Information here:
Samuel Ogden clockmaker Halifax
http://www.brianloomes.com/collecting/newclock/newclock.html"Samuel Ogden was baptised at Halifax parish church in January 1669-70 in the old dating system (we would say 1670), the son of James Ogden of Sowerby near Halifax. John Ogden, who later moved to Askrigg, was baptised in 1665 at nearby Elland church, also the son of a James Ogden, then said to be of Soyland, but the big question is whether it was the same James Ogden, who was the father of each. If so, as seems very likely, then Samuel and John were brothers.
The problem is that John Ogden was a well-known Quaker, yet there is no evidence so far that Samuel was - though he may have been. We know his sons Thomas and Isaac, who remained at Ripponden, were Quakers. Samuel lived most of his early life at (or near) Ripponden, and his children, of which he had eight born between 1687 and 1704, were baptised in the established church at nearby Elland, where his wife, Sara, was buried in 1712. Their marriage has still not been traced. Samuel serviced the Halifax parish church clock from 1693 till 1701. If he was a Quaker the implication is first that he might not have baptised his children in the parish church, and secondly that he might not have been given the job of working on Halifax church. Quakers were shunned by society in general and by the established church in particular. Although the law strongly enforced everyone to attend the local established church, some vicars would not allow Quakers to be baptised in their church or buried in their holy ground, and some Quakers refused to attend anyway. On the other hand some Quakers did their best not to ruffle feathers and went along with the requirements of the local church as best they could, just as some vicars sought to welcome all kinds within God's house.

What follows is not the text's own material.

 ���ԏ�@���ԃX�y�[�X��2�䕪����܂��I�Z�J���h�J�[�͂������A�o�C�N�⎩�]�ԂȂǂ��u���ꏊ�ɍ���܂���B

In 1712 Samuel Ogden moved to Benwell village near Newcastle on Tyne. It is not known why, but it may be that the death of his wife, Sara, in April of that year, had a bearing. In that same year, 1712, his oldest son Samuel Ogden junior moved to work at Alnwick, which left just his younger son, Thomas Ogden, who was to become the famous Quaker clockmaker, to carry on at Ripponden, presumably still in the family home. Thomas Ogden was accompanied for some few years at least by his brother, that is Samuel's youngest son, Isaac. Thomas later moved to work in Halifax itself, though his earliest clocks are signed at Ripponden. Samuel Ogden senior died in 1728 when on a visit to his namesake son at Alnwick. His work at Benwell is documented through perhaps four or five longcase clocks, these mostly of arched-dial, eight-day type, some of them carrying the year of making in a boss in the arch - such as 1726 and 1727."